Tout compte fait, je ne l’apprécie pas beaucoup. Et d’ailleurs, connaissant ses méthodes d’enseignement à l’ancienne et les deux sauvages de ma classe cela n’a rien d’étonnant qu’ils n’aillent pas en cours. Jacque enseigne les mattes comme si c’était une recette à connaitre par cœur, point final. Aucune explication, aucun contexte, rien. De quoi perdre un élève, même les meilleurs.
— Oui, je disais qu’elle rend systématiquement copie blanche.
— Au moins, elle te rend la copie, me dit-il.
— Exactement ce que je disais ! Et puis tu sais, dans nos matières aussi elle fait pareil.
— Audrey à raison, ajoute Hélène. Au moins, c’est rapide à corriger.
— Mais comment elle n’a jamais redoublé ? je demande.
— Elle fait l’examen de fin de trimestre seulement, répond Hélène. Au vu du personnage, on s’en contente.
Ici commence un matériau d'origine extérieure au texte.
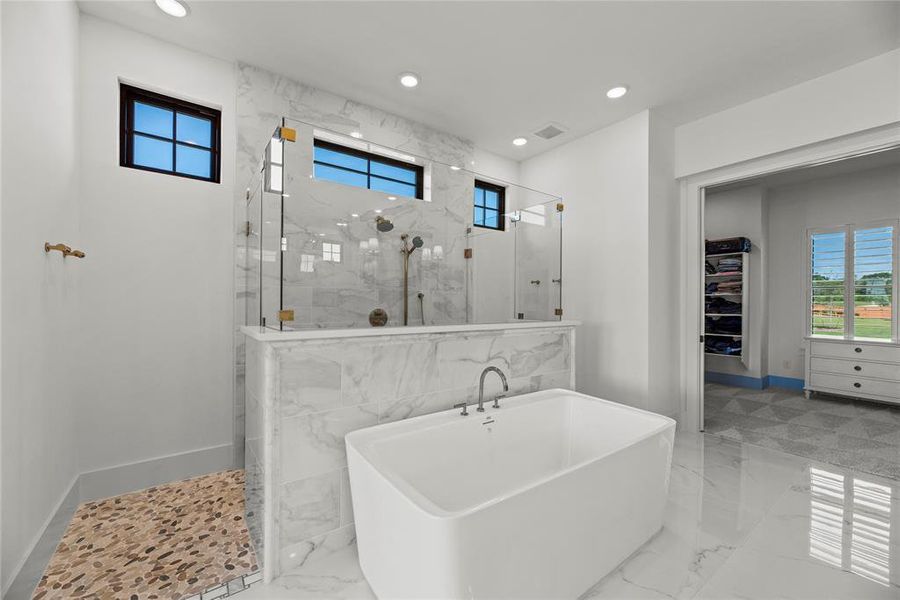 The soaking tub is a perfect space to sink in, unwind and relax.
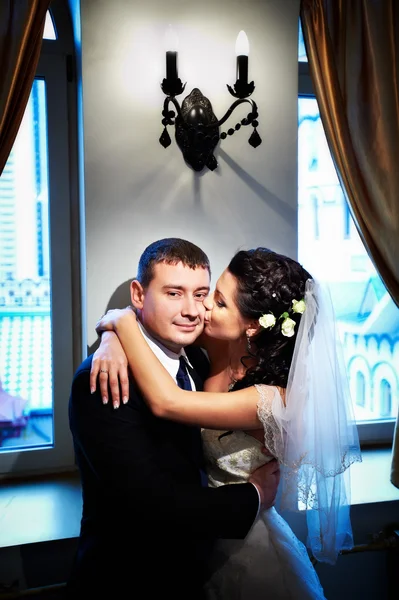 Bela noiva beijando seu noivo na bochecha — Fotografia de Stock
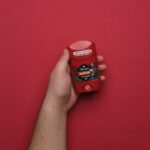 Close-up of a hand holding a red deodorant stick against a red background.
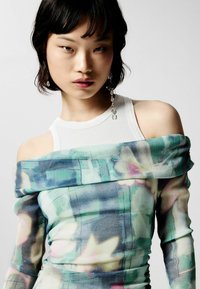 Top s odhalenými ramenami s kvetinovým a abstraktným vzorom v jemných zelených a modrých odtieňoch. Vyrobené z ľahkého materiálu, s textúrovaným dizajnom.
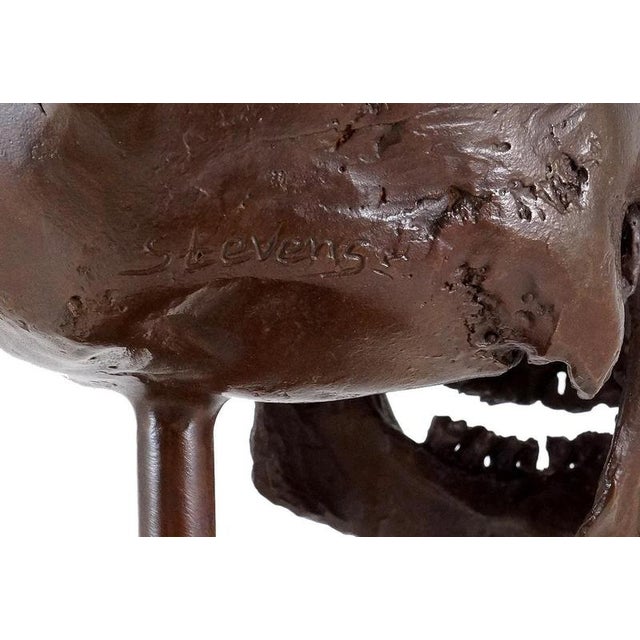 Modern bronze skull sculpture in dark brown patinated bronze, mounted on a marble base. This decorative skull sculpture is...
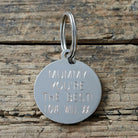 Personalised silver-plated brass tag engraved with custom message — can be used as a dog tag or keyring, thoughtful dog lover gift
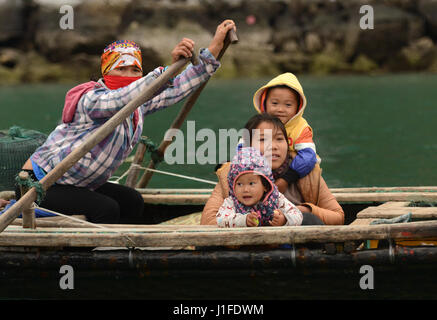 Fischers Familien in der Halong Bay zum Familieneinkommen beitragen, indem Sie mit Snacks und Souvenirs, die vorbeifahrenden Ausflugsboote. Stockfoto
— De toute façon, ça ne servirait à rien de la maintenir, dit Jacque. Cette gamine, il faut qu’elle sorte vite du système scolaire. Ça ne lui convient pas du tout.
Je hoche la tête, pensive. Ça me frustre. Je ne la comprends pas. Je ne comprends pas ce qu’elle cherche. Avachie sur sa chaise, elle fait mine d’être ailleurs, mais elle ne me lâche pas des yeux. Je suis certaine que c’est l’élève la plus attentive de toute la classe. Lorsque je donne un exercice à faire, je la vois jeter un œil à l’énoncé, puis elle a le regard de quelqu’un qui réfléchit. Je mettrais ma main à couper qu’elle fait l’exercice de tête. Pourtant, quand je l’interroge la réponse est toujours la même : « Je n’ai pas eu le temps de le faire ».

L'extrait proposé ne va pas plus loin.